2024年定時株主総会における銀行トップ(社長・頭取)の賛成率を集計した/>
上場企業に求められるガバナンスの水準が高度化する中、株主総会で会社提案に賛同してもらうハードルも上がっている。中でも銀行は低迷するROE(株主資本利益率)や多額の政策保有株式などがネックとなり、会社の顔である代表者の人事案に反対票が集まりやすい。
銀行のトップは今年の株主総会において、投資家からどれほどの支持を集めたのか――。東洋経済は全国の証券取引所に上場する「銀行業」計83社の臨時報告書を基に、2024年定時株主総会における経営トップ(社長・頭取)の賛成率を集計し、ワーストランキングを作成した。
そのうち経営トップの取締役任期が2年(2年目)の銀行を除く74社で賛成率が示されており、実に7割に当たる53社で、昨年より賛成率が下落していた。
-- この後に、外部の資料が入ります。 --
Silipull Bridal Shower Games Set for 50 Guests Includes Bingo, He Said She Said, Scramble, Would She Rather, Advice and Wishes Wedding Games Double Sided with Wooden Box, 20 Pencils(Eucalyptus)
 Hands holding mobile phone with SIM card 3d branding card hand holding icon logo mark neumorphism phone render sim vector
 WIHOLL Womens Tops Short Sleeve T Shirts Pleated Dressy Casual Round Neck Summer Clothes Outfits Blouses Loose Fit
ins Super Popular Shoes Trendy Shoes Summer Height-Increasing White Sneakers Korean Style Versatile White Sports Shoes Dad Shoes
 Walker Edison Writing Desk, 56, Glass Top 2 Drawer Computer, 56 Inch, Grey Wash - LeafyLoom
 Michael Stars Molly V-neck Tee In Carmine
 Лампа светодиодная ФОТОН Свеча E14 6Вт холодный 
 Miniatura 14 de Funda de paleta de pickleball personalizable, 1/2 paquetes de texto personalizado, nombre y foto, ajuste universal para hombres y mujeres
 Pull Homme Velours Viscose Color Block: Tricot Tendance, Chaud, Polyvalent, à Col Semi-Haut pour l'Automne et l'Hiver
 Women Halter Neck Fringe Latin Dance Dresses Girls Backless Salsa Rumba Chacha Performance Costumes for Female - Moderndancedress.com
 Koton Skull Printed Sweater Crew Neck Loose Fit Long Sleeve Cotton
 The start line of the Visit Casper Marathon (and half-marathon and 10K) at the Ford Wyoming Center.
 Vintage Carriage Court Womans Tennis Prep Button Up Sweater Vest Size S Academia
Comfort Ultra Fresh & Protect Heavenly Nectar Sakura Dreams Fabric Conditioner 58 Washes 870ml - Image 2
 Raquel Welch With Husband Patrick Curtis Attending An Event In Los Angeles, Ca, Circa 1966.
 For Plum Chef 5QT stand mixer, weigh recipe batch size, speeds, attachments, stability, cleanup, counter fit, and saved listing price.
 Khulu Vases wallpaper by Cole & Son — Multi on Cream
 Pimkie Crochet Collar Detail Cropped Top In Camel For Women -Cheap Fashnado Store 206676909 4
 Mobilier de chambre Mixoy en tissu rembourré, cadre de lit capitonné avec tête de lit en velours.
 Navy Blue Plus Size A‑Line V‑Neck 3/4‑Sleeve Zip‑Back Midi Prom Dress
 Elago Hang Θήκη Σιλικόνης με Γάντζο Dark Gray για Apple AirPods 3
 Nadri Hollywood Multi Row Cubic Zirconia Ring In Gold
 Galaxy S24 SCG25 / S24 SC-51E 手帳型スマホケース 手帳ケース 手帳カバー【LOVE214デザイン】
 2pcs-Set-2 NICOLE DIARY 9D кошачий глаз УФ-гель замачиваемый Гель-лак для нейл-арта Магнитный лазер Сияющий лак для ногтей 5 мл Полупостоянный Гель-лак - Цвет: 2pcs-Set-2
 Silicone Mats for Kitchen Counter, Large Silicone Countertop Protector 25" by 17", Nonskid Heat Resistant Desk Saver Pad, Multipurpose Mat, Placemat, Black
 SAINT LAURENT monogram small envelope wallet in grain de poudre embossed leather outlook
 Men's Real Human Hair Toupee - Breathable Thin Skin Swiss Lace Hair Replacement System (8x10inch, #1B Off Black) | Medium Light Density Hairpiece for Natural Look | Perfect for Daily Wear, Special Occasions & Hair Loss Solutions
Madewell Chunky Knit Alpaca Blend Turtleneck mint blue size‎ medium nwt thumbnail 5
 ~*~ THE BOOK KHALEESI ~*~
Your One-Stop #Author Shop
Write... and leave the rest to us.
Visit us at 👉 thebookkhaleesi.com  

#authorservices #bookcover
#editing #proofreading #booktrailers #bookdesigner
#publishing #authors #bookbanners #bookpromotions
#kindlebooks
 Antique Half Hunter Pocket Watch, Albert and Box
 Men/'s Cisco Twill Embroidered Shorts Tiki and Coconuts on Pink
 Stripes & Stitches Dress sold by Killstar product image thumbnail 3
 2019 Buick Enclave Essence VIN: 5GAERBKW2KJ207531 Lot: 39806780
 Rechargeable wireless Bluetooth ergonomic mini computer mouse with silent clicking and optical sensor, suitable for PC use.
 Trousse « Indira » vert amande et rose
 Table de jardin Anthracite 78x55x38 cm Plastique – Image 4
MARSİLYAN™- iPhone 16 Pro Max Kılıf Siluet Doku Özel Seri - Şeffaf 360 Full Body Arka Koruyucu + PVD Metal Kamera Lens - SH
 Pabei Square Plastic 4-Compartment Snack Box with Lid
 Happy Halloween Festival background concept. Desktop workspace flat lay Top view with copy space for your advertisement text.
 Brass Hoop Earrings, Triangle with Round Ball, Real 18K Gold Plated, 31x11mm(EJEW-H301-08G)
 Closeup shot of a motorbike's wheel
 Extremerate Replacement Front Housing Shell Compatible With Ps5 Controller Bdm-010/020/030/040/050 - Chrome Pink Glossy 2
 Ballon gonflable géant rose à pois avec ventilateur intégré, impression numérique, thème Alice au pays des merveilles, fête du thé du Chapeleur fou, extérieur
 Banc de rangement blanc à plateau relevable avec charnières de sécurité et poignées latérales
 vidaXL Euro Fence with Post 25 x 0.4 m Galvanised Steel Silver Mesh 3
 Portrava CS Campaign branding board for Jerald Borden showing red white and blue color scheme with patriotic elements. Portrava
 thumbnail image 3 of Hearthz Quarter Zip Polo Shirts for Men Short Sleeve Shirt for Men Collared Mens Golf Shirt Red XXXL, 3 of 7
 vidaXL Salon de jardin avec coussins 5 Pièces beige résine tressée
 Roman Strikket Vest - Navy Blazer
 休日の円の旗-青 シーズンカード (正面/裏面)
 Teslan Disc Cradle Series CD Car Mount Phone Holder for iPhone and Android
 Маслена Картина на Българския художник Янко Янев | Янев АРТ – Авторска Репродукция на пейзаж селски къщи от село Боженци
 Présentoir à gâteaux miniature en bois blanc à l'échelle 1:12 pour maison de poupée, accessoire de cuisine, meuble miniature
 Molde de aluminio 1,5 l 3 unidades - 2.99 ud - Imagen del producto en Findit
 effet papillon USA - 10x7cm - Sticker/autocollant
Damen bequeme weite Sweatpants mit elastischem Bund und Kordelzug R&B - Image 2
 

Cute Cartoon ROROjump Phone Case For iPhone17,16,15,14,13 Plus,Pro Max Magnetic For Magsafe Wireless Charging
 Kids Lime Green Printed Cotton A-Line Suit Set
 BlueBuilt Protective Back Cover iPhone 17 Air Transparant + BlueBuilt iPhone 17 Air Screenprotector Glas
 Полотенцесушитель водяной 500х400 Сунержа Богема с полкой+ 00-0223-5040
数値が最も低かったのは、三菱UFJフィナンシャル・グループ(MUFG)の亀澤宏規社長。賛成率は64.58%で、昨年から11.36ポイントの下落となった。
同社をめぐっては株主総会直前の6月24日、傘下の銀行や証券会社が金融商品取引法違反によって金融庁から行政処分を受けた。法令違反の責任を問うべく、一部の機関投資家が反対票を入れたようだ。
一方、行政処分が下る前にあらかじめ議決権を行使していた機関投資家も多く、コンプライアンスの不備だけが賛成率下落の要因とは言いきれない面もある。連結純資産の2割を超える政策保有株式の残高や、株主提案を受けた気候変動対策など、複合的な要因が向かい風になった可能性がある。
2位は三井住友トラスト・ホールディングスの高倉透社長。賛成率は70.04%と、こちらも昨年から13ポイントも下落した。下落の要因は、やはり政策保有株式と見られる。同社の保有残高は連結純資産の5割超と、銀行の中でも目立って高い。
■株主構成もカギ
賛成率は株主構成にも左右される。一般に、ガバナンスに厳しい外国人株主の割合が高ければ賛成率は低くなりやすいのに対し、会社側に好意的とされる個人投資家や取引先が多いほど賛成率は高まる。
都市銀行が60~70%台に沈む一方、規模の小さい地方銀行で90%台が目立つのは、株主構成の差も一因にありそうだ。監視役たる株主が不在の中では、賛成率が高い水準にあっても経営手腕が優れているとは言い切れない。